Thursday, 23 February 2017
Last updated 13 min ago
Jul 13 2011 | 10:53am ET
Baseball's top executive said yesterday he'll approve the New York Mets' sale of a minority stake to hedge fund manager David Einhorn, who used to hit homeruns into his backyard.
Commissioner Bud Selig told reporters at baseball's All-Star Game in Phoenix yesterday that the Greenlight Capital founder has been "cleared" to buy a piece of the financially-troubled Mets from their financially-troubled owners, Fred Wilpon and Saul Katz. Talks between the two sides have gone on longer than expected but are continuing.
"They have to finish the deal," Selig said. "And, by the way, I think they're making very good progress."
While terms of the deal have not been disclosed, reports indicate that Einhorn will receive one-third of the team in exchange for what is essentially a $200 million loan. If Wilpon and Katz, facing a $1 billion lawsuit stemming from the Bernard Madoff Ponzi scheme, can pay him back within a number of years, he gets to keep at least part of the stake; if they cannot, Einhorn will have an option to buy the team.
Selig rejected the characterization of the deal as a loan, saying, "it isn't a loan in the true sense of it. He's putting equity in the club."
"I'm not concerned," the commissioner continued. "The deal is very good for the Mets."

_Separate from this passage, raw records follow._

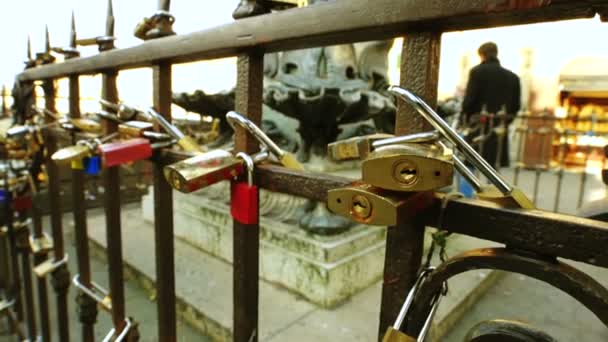 A szerelmesek a firenzei Ponte Vecchio Olaszország lakatok — Stock videók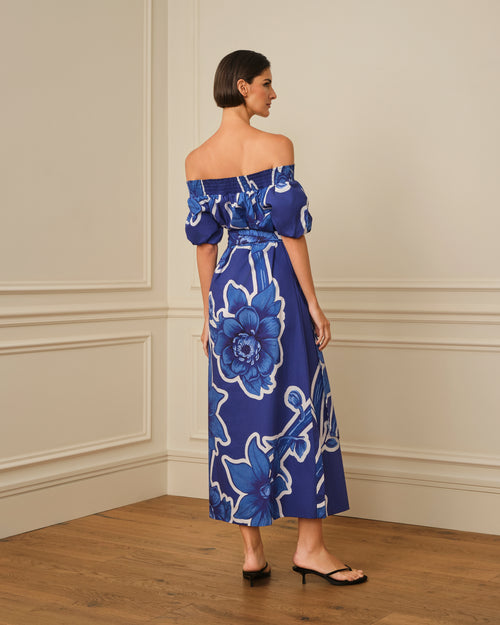 VESTIDO MIDI ESTAMPADO OFF SHOULDER AZUL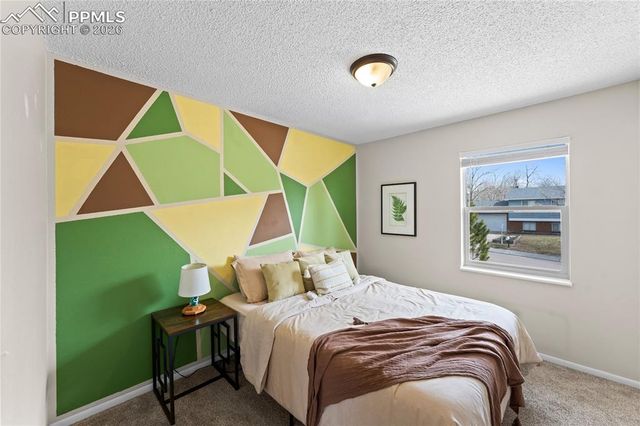 1730 Hathaway Drive, Colorado Springs, CO 80915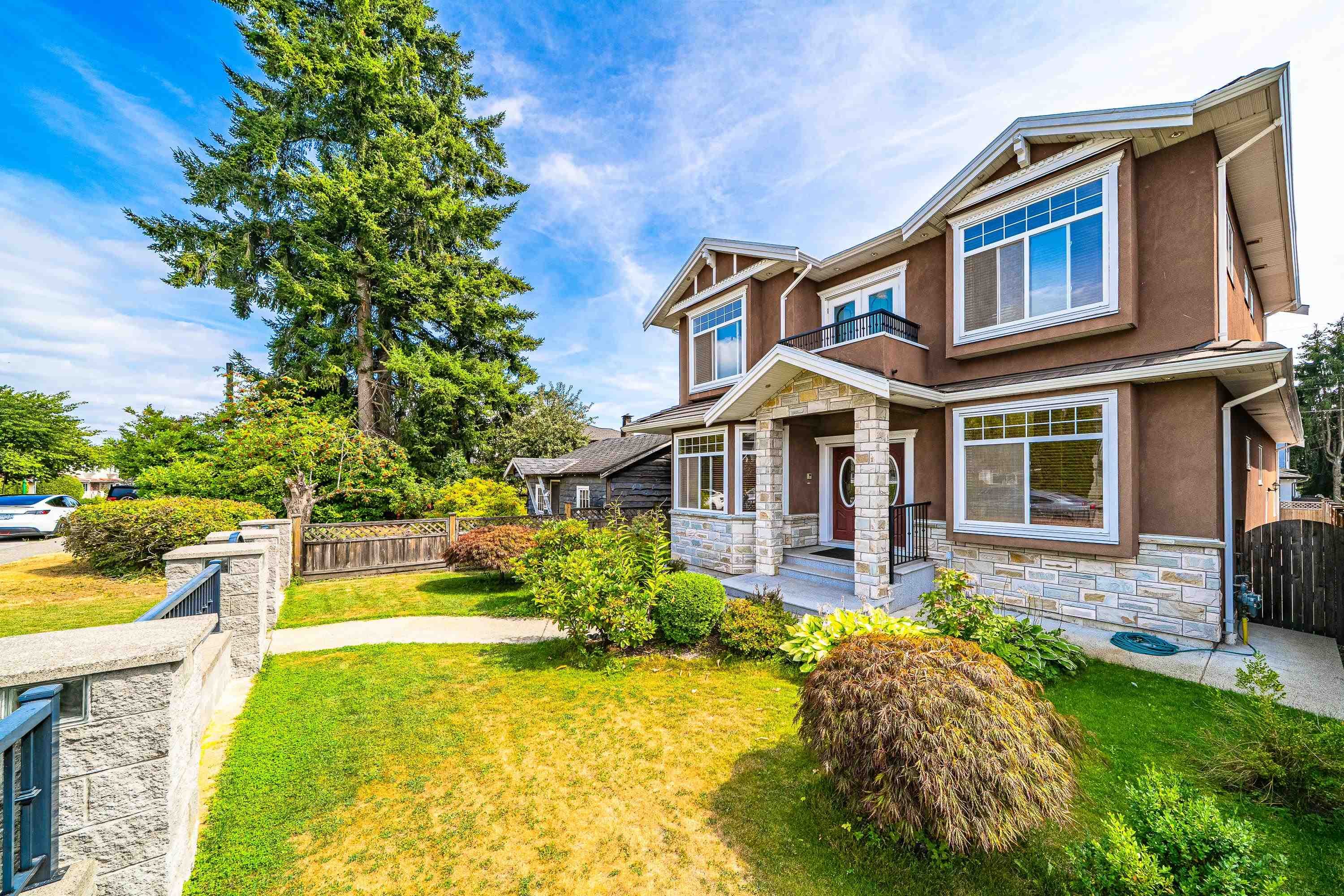 3968 Spruce Street, Burnaby, V5G 1Y1 — photo 4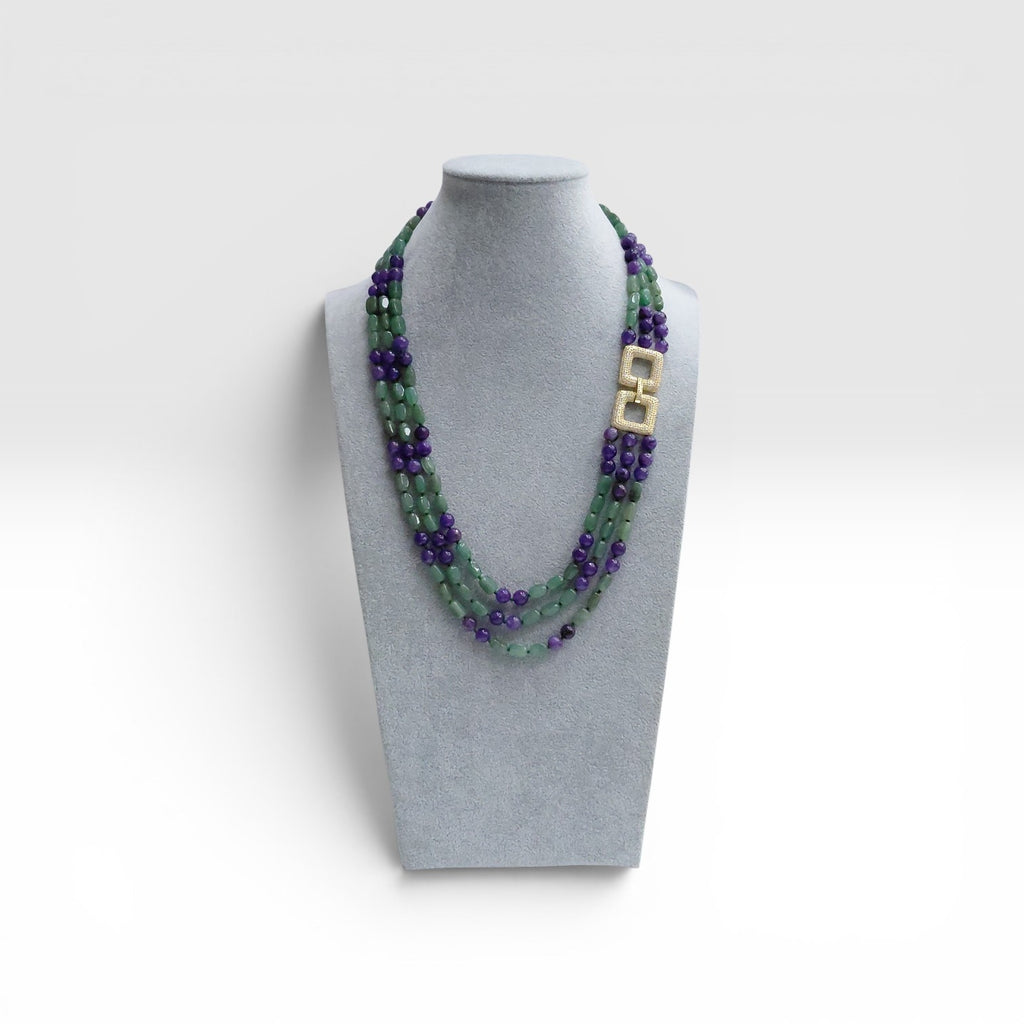 Collana Ametista, Giada, Taglio Cabochon, 3 Fili, Chiusura Argento Dorato.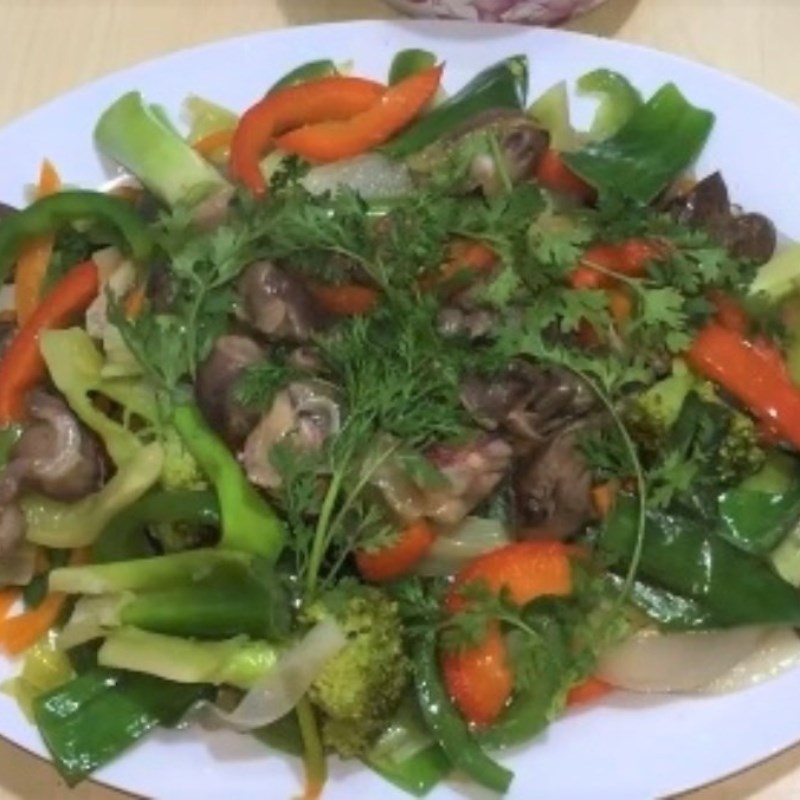 Bước 5 Thành phẩm Lòng gà xào thập cẩm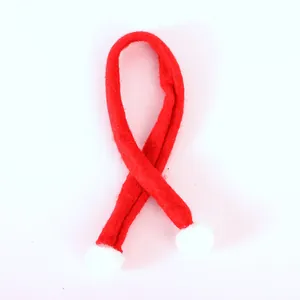 Mini sciarpa natalizia rossa con pompon bianchi per decorazione di bottiglie di vino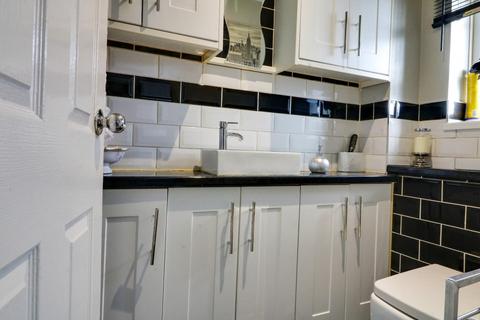 94 Danbury Crescent, South Ockendon, RM15 5XF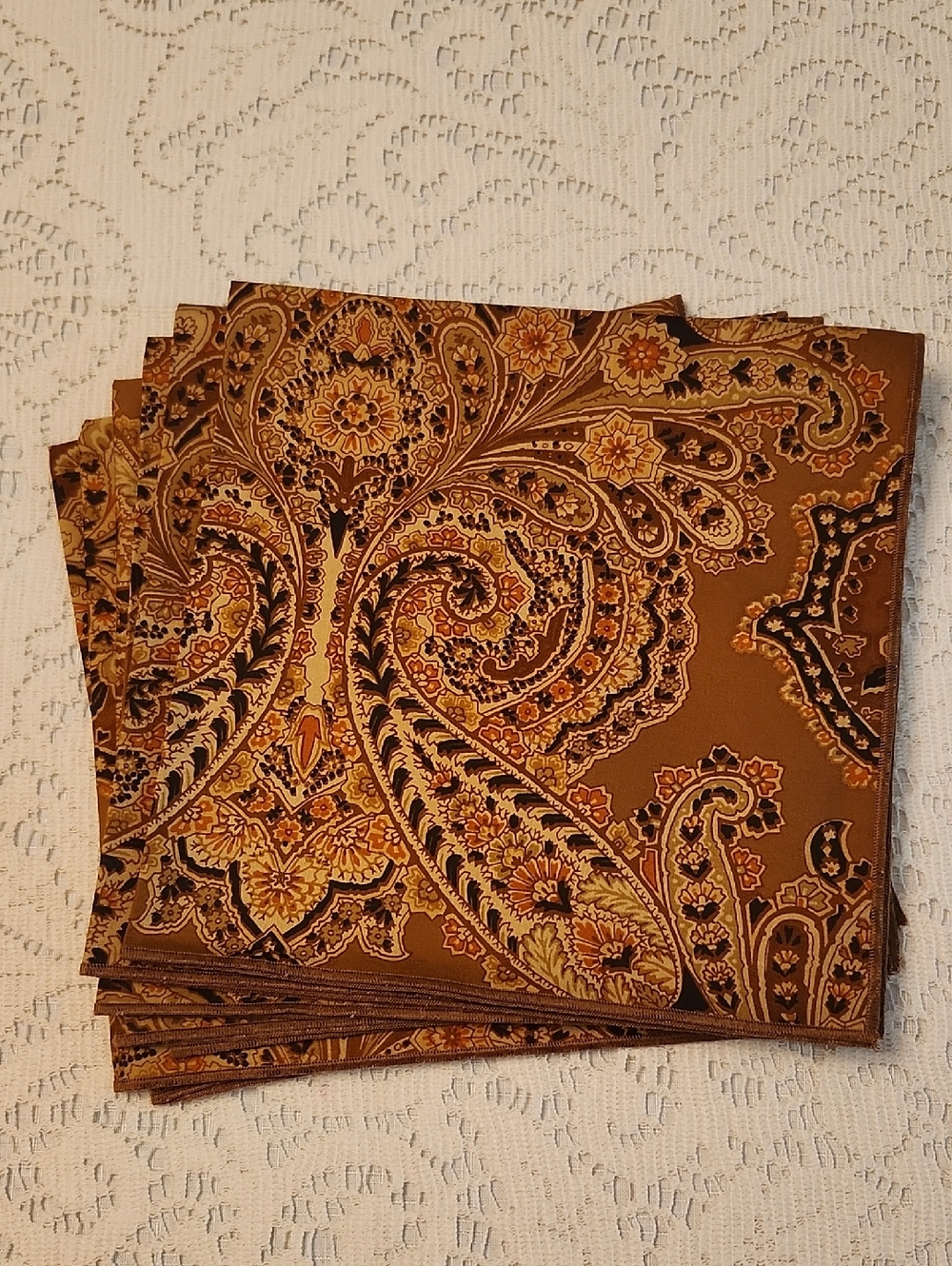 Longaberger Vintage Paisley Napkins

"Once the deal is done, I think the Mets, at least for the foreseeable future, will be fine," he added.
Plus, Einhorn "played baseball in my backyard," Selig explained. "How can I turn him down?"
While Einhorn spent his early years in New Jersey rooting for the Mets, he moved to the Milwaukee area as a child. He said a friend lived next door to Selig, then the owner of the Milwaukee Brewers, and they would often play baseball in his friend's yard. Hits that carried over Selig's fence were ruled homeruns.